RCTC: How important is the election coming up, locally and statewide?
Chad Israelson: It’s very important, especially locally. 20 years ago, I would have paid much more attention to the national politics than I did local. But more and more I’ve begun to realize that local politics are the things that affect our lives. If we’re in education, it matters who controls the governor’s seat, and it matters who controls the Minnesota House and Senate. Minnesota is the best state in the union – almost every single election we have the highest [voter] turnout. And that’s great, but when you still consider how many people sit it out… it’s the kind of thing that within the last 60 years people were being killed just to register to vote. We need to remember how much people fought for that, whether it’s women or African Americans. To not drive a few blocks away or whatever and exercise that, to me, is unacceptable.

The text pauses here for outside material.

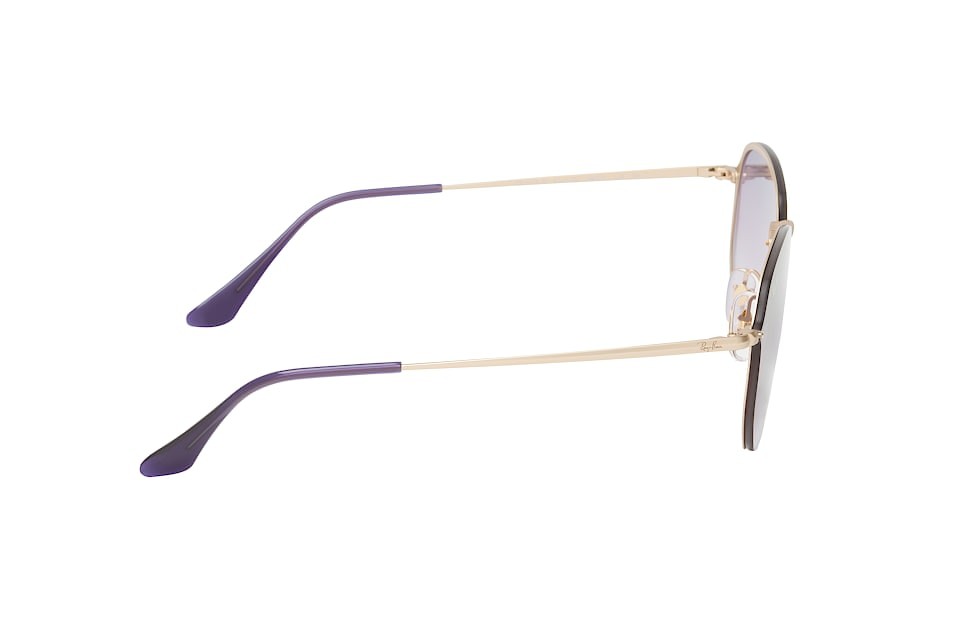 Ray-Ban RB3579N-9140/0U(58) Hexagonal Blaze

And in our political state of affairs right now, it seems like every election matters. They are vital right now.
If I am a student, what do I do to find information?

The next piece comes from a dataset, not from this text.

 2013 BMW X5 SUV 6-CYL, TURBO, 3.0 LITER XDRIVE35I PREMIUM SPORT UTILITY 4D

Even if you’re not from Rochester you can vote in Rochester. Minnesota has a very easy voter registration process. With that in mind there is no excuse not to because it is so easy. As far as information goes, there are voting guides on the internet. Post-Bulletin, check that out. Minneapolis Star Tribune. Go to that site, type in voting, voting guide.
As far as voting goes, sometimes voting is treated as a privilege when it is a right – felons unable to vote, poll stations being closed, and voter registrations wiped. Any comment on that?

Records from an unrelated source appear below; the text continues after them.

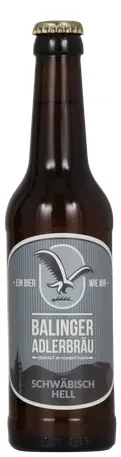 Balinger Adlerbräu Schwäbisch Hell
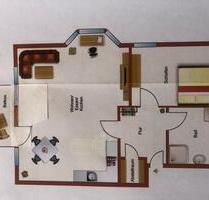 Schöne 2-Zimmer-Eigentumswohnung in Bergatreute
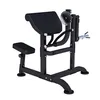 MAXXUS Curlbank 2in1 Pro - Verstellbarer Sitz, 30/50 mm Produktbild-Vorschau 1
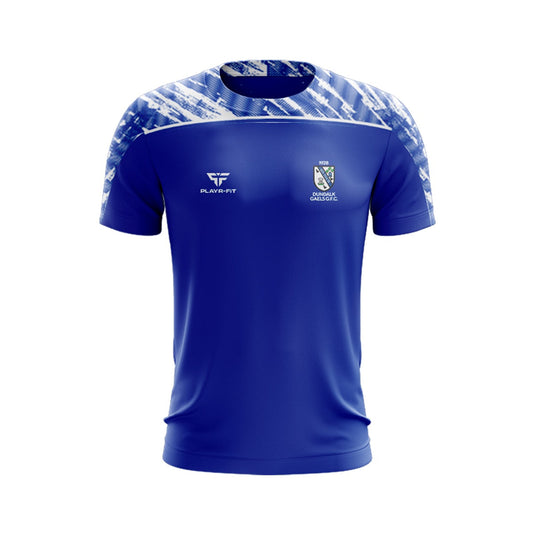 Dundalk Gaels T-Shirt Spirit (Sublimated Panel) - Kids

It drives me wild. Voter suppression is very real and there is not enough attention paid to it. We talk about the 53,000 in Georgia, and people being wiped from the rolls. And there are people that didn’t even have the exact same name as someone who was ineligible to vote, but they also got [wiped]. And then you look at disproportionally who it hits – minorities. Yeah, it’s an absolute outrage. Some states make it much more difficult for people to vote. This is a democracy, and election day should probably be a national holiday. Things should be closed. Some countries even have fines for not voting. With early voting as well, there is no excuse not to do that. But yeah, voter suppression is a very real problem, and it’s something that people should be far more upset about that they are. It’s criminal, in my opinion.
What if I’m of the mindset that my vote doesn’t matter, that a state has always been red or blue?
We had a senate election a few years back that came down to a few hundred votes. All it would have taken is one person per district to change the whole outcome of a senate election. It absolutely does matter. Is it going to sway the presidency? Most likely not. The other thing is, we need to look at voting as our civic duty. This is part of what it takes to live in a democracy. My opinion is that it’s beyond just a right – it’s a duty and we should treat it as such. Whatever you do, don’t place your vote on any of the TV ads. That’s all nonsense.